Crítica: Inerte la Orquesta de València
TEMPORADA DE INVIERNO DEL PALAU DE LA MÚSICA.
Obras de Gustav Mahler (Adagio de la Sinfonía número 10. La canción de la tierra). Orquesta de València. Director: Ramón Tebar. Solistas: Zandra McMaster (mezzosoprano), Gregory Kunde (tenor). Lugar: Palau de la Música (Sala Iturbi). Entrada: Alrededor de 1500 personas. Fecha: Viernes, 8 febrero 2019 (repetido el sábado, día 9).
Fue un Mahler emborronado y casi tan inerte como los gases nobles. La Orquesta de València se mostró el viernes muy por debajo de sus posibilidades, con un sonido desajustado y poco pulido, ante un programa comprometido que requería un trabajo bastante más limado y concienzudo, configurado con músicas finales reveladoras, como escribe Arturo Reverter en las notas al programa, de todas las “miserias, emociones, pulsiones, quimeras, deseos y temores” que rodearon a Mahler durante los meses inmediatamente anteriores a su muerte en mayo de 1911.
Ni el Adagio de la inacabada Décima sinfonía ni la siempre arriesgada La canción de la tierra (Das Lied von der Erde) encontraron la horma de su zapato en los atriles de una destemplada Orquesta de València y de un Ramón Tebar que apenas acertó a poner cierto orden y concierto en la caligrafía pautada. Ni siquiera intervenciones instrumentales de tanta calidad y sustancia como las del oboe Roberto Turlo (su instrumento fue la mejor voz que se escuchó en la mal cantada Canción de la Tierra y él mismo fue lo más excelente de tan gris versión) pudieron enmendar o compensar tan olvidable actuación. Tampoco contribuyeron a levantar el vuelo los dos solistas vocales: un a todas luces indispuesto Gregory Kunde y Zandra McMaster, voz tan inadecuada como insuficiente para dar vida al “acongojado” e interminable final (Der Abschied, La despedida) de una obra en la que, como apunta Luis Gago, “la canción se hace sinfonía y la sinfonía deviene en canción”.
La noche fue malamente ya desde el desajustado comienzo, con la desolada, casi tristanesca y más que dramática frase que en pianísimo y “sin expresión” (“Ohne Ausdruck” anota Mahler en la partitura) trazan las violas en solitario al inicio del Adagio de la Décima sinfonía, en la que se constató la debilidad instrumental y su roma calidad, con una sonoridad desequilibrada en la que incluso se percibieron notas falsas.
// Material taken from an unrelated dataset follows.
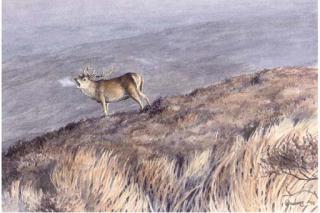 Owen Williams - The lone stag; and The otter pool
Fue un presagio de todo lo que iba a venir después, tan remoto no ya a versiones de referencia de los grandes mahlerianos, sino incluso a la propia lectura que brindó la Orquesta de València el 27 de mayo de 2011, en aquella ocasión bajo la dirección de Yaron Traub y con un programa ahora calcado que también incluyó La canción de la tierra.
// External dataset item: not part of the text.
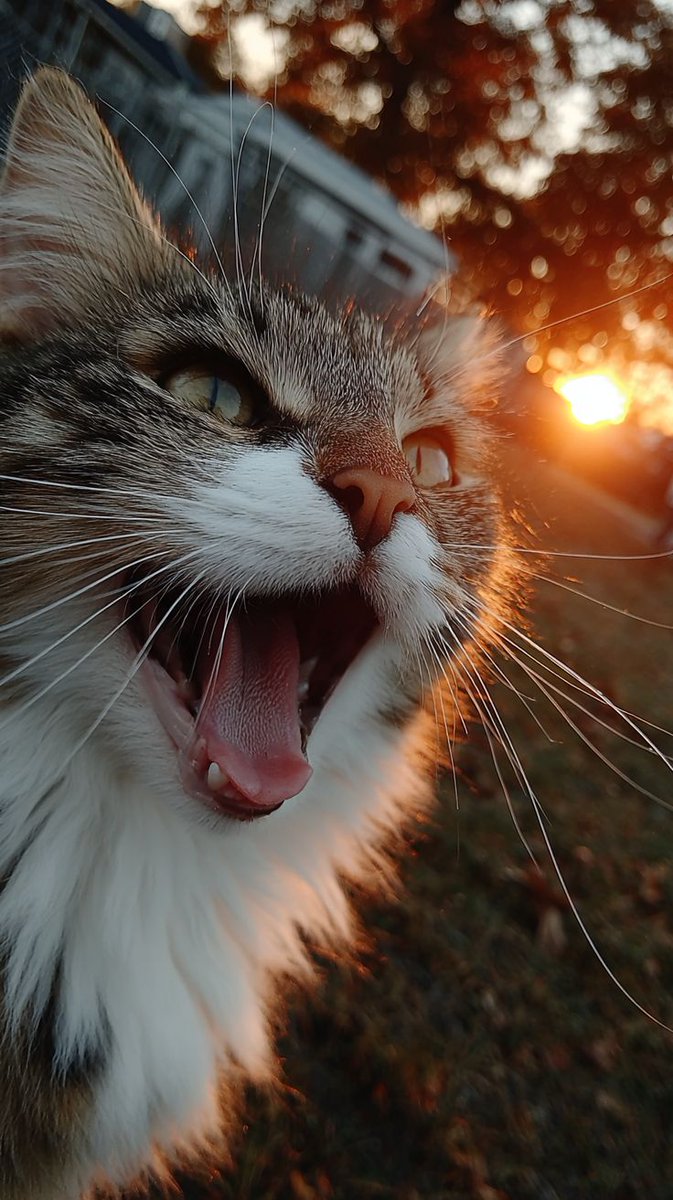 OnlyCats tweet media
El contraste y declive es palmario. Desafortunadamente. Tebar se limitó a hacer oír sin más el variado entramado musical, ajeno al conflictivo universo de emociones y sentimientos que refleja Mahler consciente de estar en el umbral del más allá. Nada de la punzante y herida pátina de tristeza y distancia con la que el compositor mira la vida y se despide de ella, de sus placeres, del vino, del amor, de la naturaleza y de tantos otros recuerdos de los que hablan los versos de varios poetas chinos que sirven de fondo e inspiración a esta sinfonía de canciones.
Si el ex titular de la Orquesta de València contó en su interpretación de 2011 con la colaboración de Waltraud Meier, su sucesor ha optado muy equivocadamente por la voz de la mezzosoprano norirlandesa Zandra McMaster. Sobran las palabras y las comparaciones son odiosas (dicen). Tampoco ha mejorado la cosa en el ámbito tenoril, y no porque el admirado Gregory Kunde sea mejor o peor que el alemán Thomas Mohr (quien coprotagonizó la interpretación de Traub), sino por ser el estadounidense una voz y un artista muy alejado del fracturado universo mahleriano, además de tener la fatalidad el viernes de no encontrarse en las mejores condiciones físicas. Apenas se le escuchó en los momentos de mayor intensidad dinámica, en el tenso registro que pide la partitura, mientras que en los pasajes más próximos a la declamación o al cantabile su voz en ocasiones resultó inaudible, a veces sumergida en un torrente sonoro que Tebar no acertó a controlar ni a encauzar adecuadamente. Y es que por mucho que se incrementen los decibelios, lo inerte no pierde su condición. Justo Romero
Publicado en el Diario Levante el 10 de febrero.